## The task
Using the data below, output a verbatim copy of the lines between the one holding "Крупная коммунальная авария" and the one holding "Продаж великої кімнати з водою та ремонтом.", inclusive, without any pictures.

## Input for this task
BEGIN
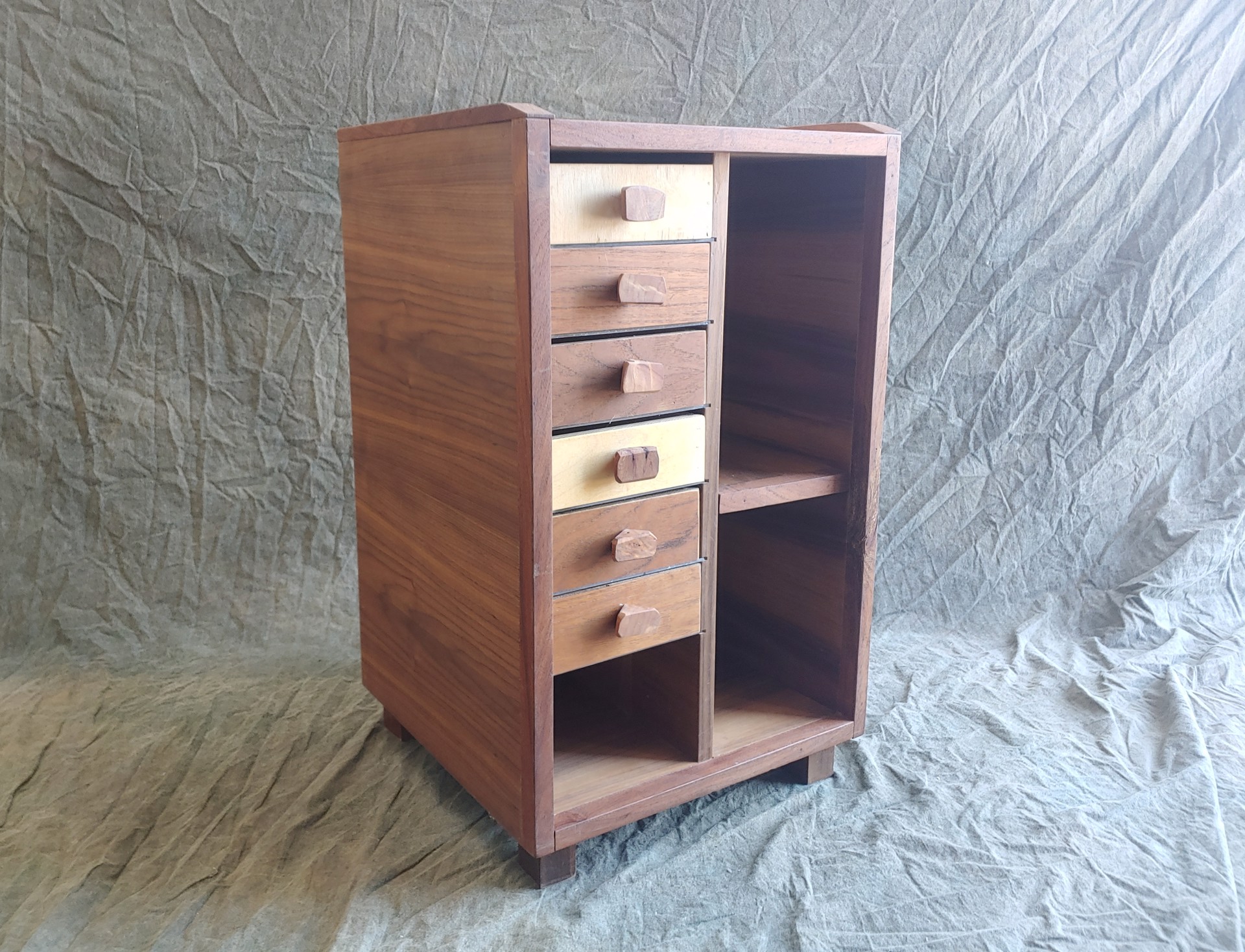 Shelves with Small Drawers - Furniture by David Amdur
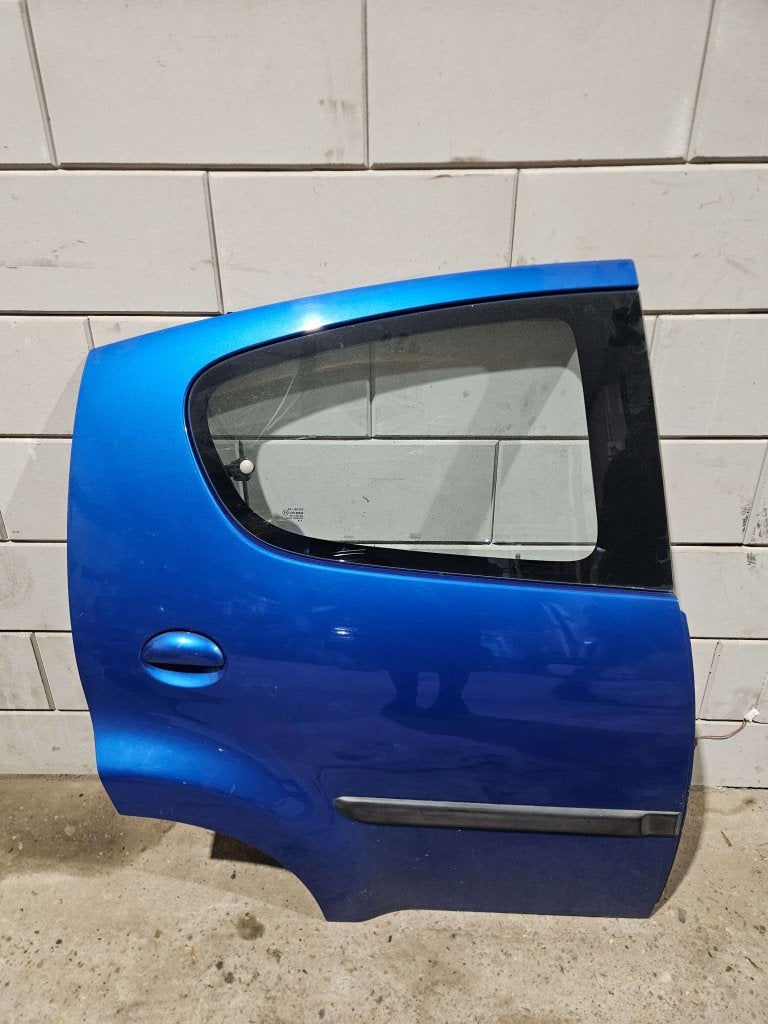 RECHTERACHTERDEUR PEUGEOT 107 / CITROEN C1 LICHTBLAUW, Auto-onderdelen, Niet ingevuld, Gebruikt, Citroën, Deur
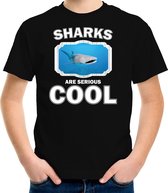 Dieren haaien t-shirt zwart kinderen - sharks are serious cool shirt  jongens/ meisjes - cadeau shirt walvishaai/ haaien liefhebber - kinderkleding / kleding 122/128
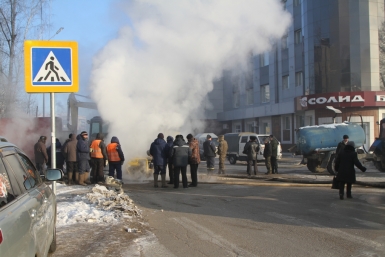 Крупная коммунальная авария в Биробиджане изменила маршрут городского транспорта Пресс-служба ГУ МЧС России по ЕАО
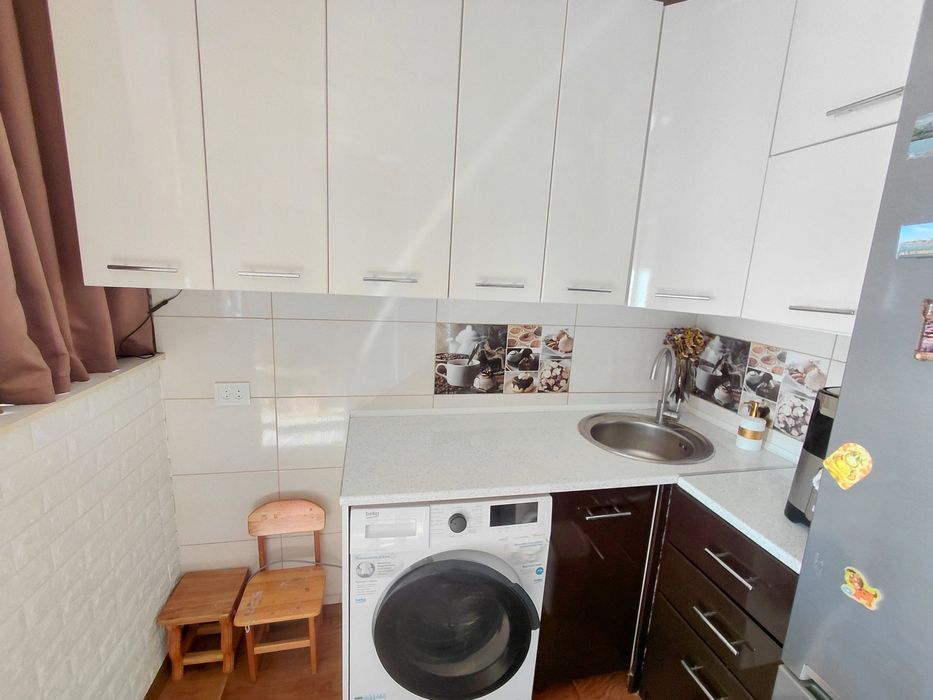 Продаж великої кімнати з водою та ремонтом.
END
BEGIN
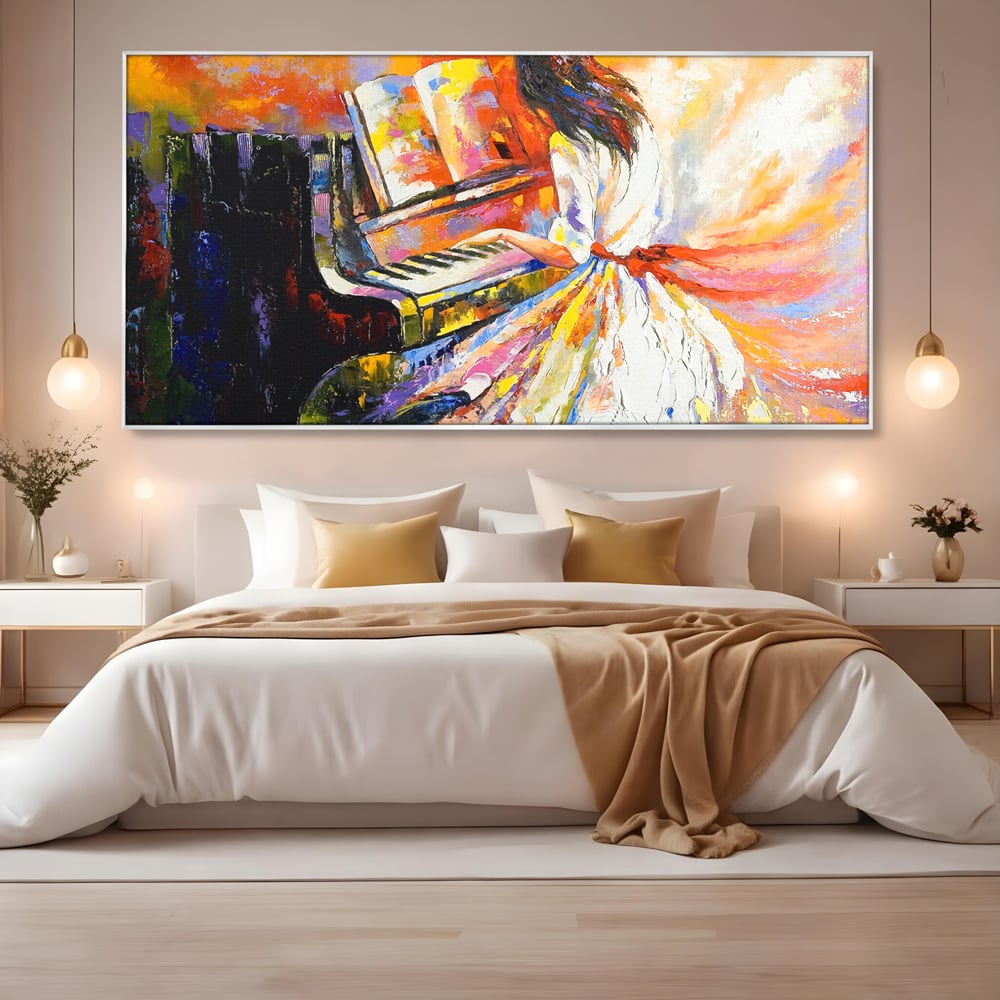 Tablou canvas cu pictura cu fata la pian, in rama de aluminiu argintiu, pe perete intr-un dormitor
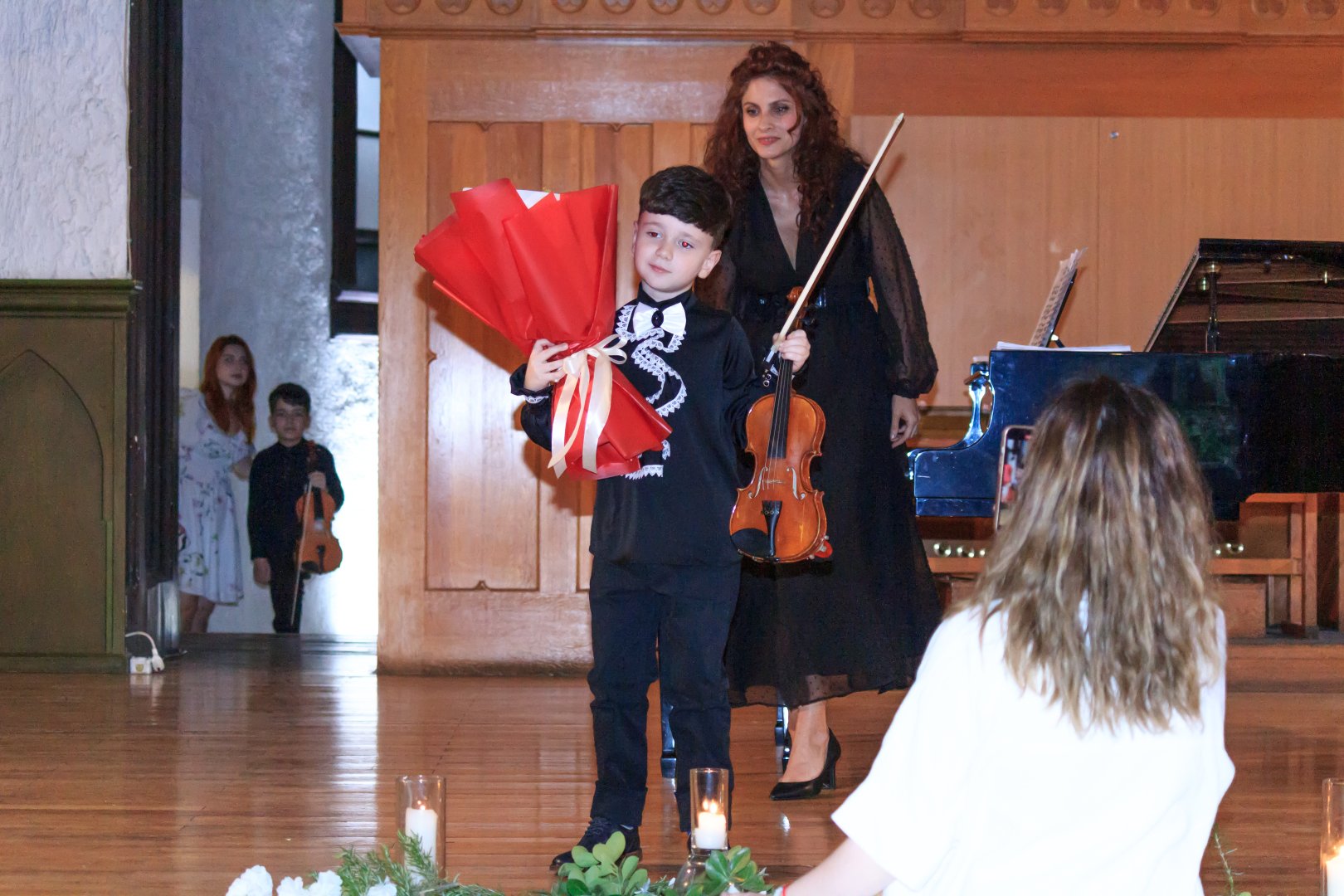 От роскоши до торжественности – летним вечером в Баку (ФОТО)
END
## Response to the exercise
 Крупная коммунальная авария в Биробиджане изменила маршрут городского транспорта Пресс-служба ГУ МЧС России по ЕАО
 Продаж великої кімнати з водою та ремонтом.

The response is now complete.